# Exercise brief
Your job is to give again, exactly and with no additions, the lines in the records below from the one with "Kaart (kartograafia)-Kongo Demokraatlik" through the one with "Tourne-disque Victrola Onyx", both included. Omit the pictures.

Image-text web data:
▽
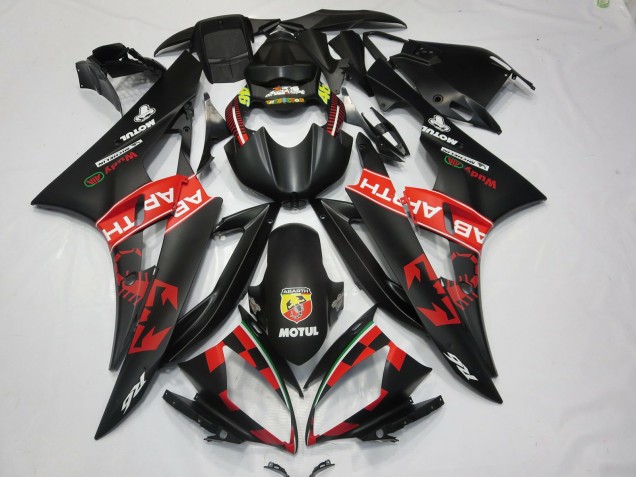 Shop Abarth Matte Yamaha R6 Motorcycle Fairings 06-07 Shop Abarth Matte Yamaha R6 Motorcycle Fairings 06-07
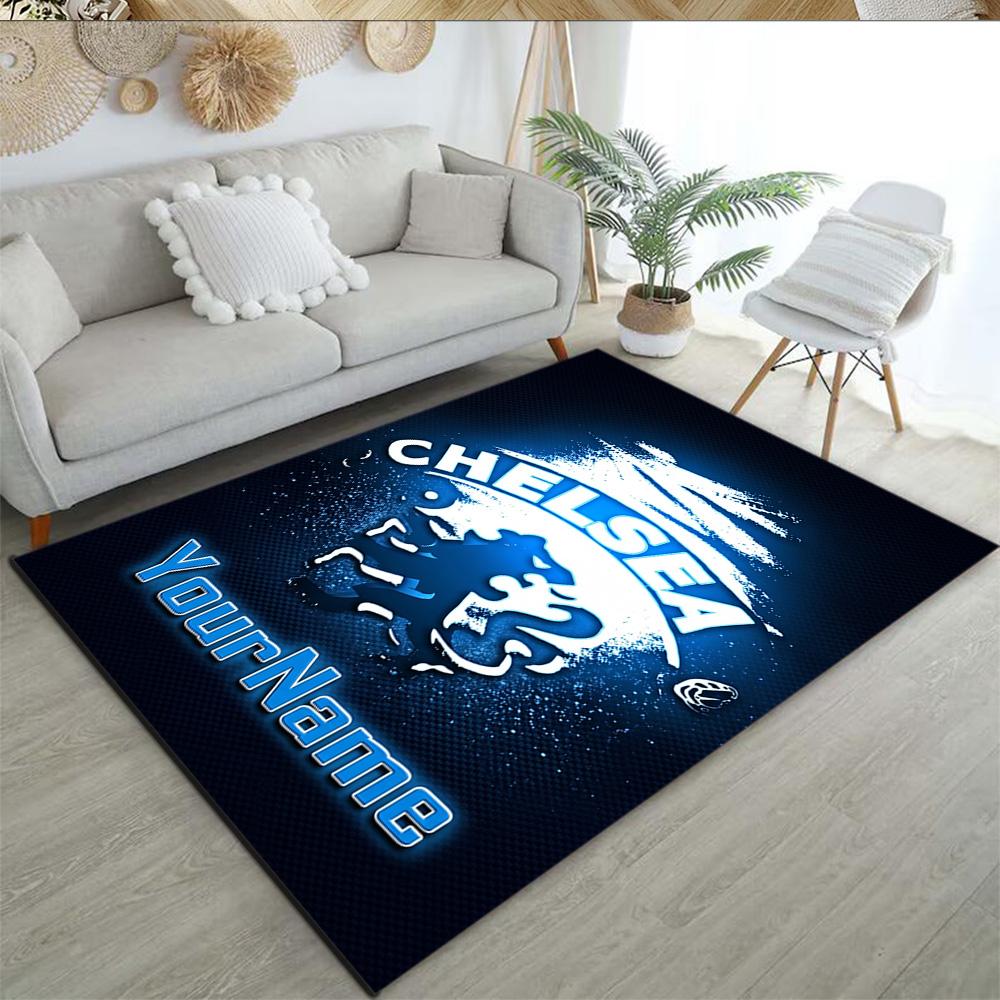 Chelsea Personalized Text Floor Rug Office Rug Perfect for Game Room Kitchen Entryway Bedrooms Anti-slip Rug Decorate Offices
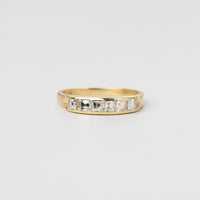 Vintage Princess-Cut Channel Set Eternity Ring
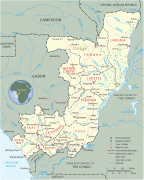 Kaart (kartograafia)-Kongo Demokraatlik Vabariik-map-congo.jpg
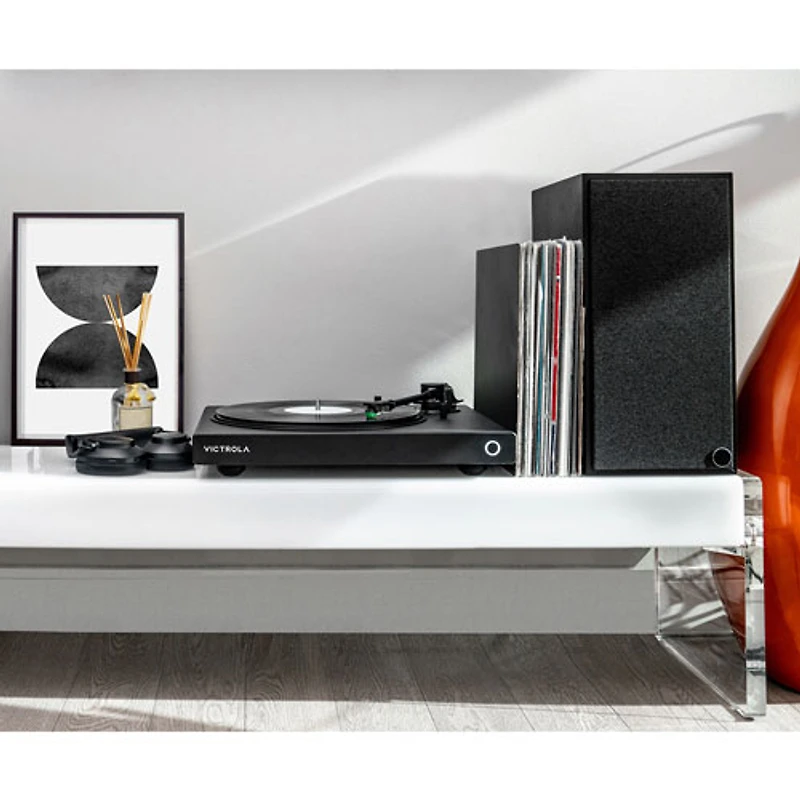 Tourne-disque Victrola Onyx VPT-1500-BLK Bluetooth haute résolution à courroie d'entraînement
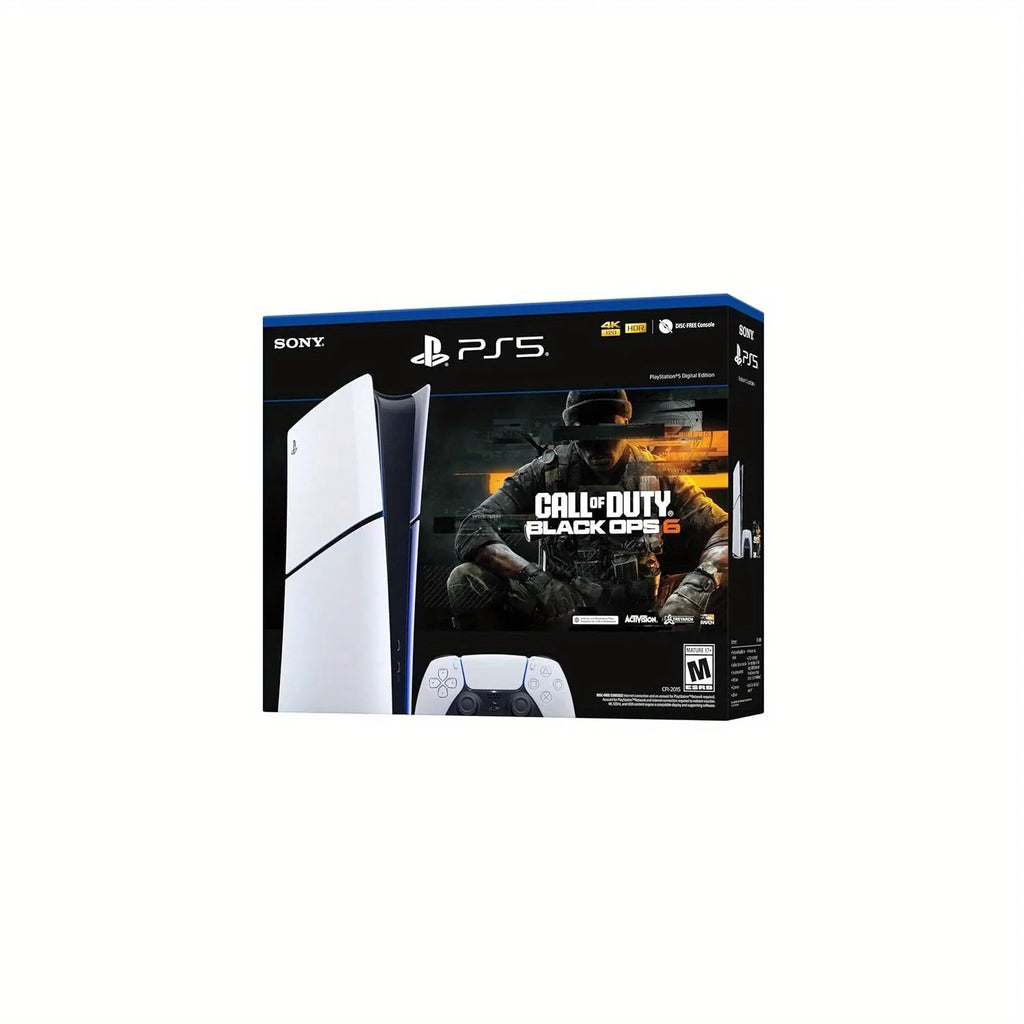 PS5, Slim Model, Call of Duty- Black Ops, 6 Full Game Digital Voucher With Ray Tracing Support, Feel Every Impact & Recoil With Haptic Feedback & Adaptive Triggers....64.81% OFF!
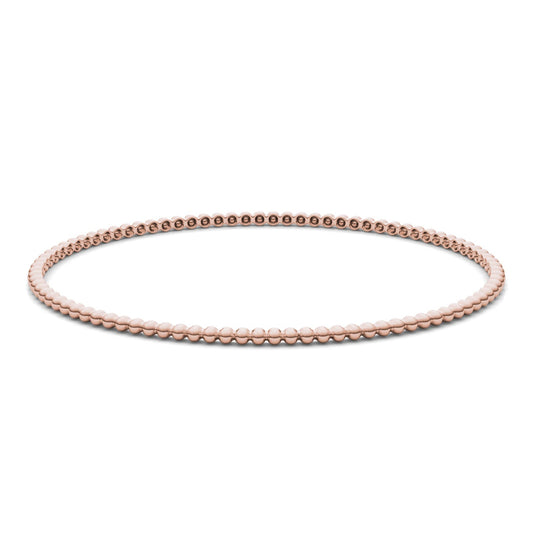 Beaded Bangle Bracelet 14K Rose Gold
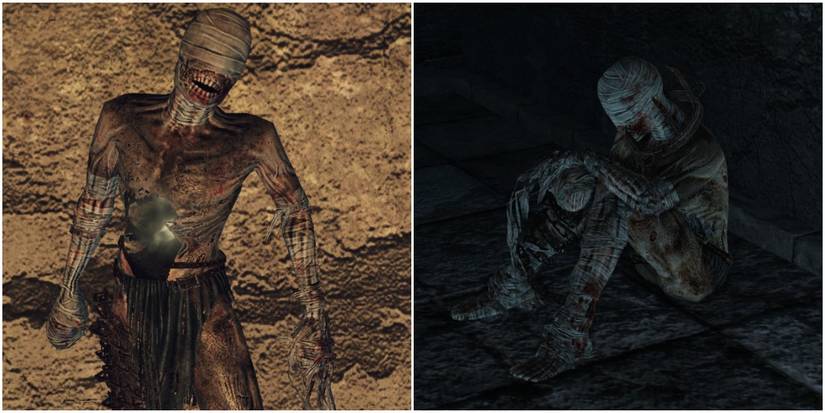 Dark Souls 2 Rupturing Hollow or Undead Citizen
△
# Your response
 Kaart (kartograafia)-Kongo Demokraatlik Vabariik-map-congo.jpg
 Tourne-disque Victrola Onyx VPT-1500-BLK Bluetooth haute résolution à courroie d'entraînement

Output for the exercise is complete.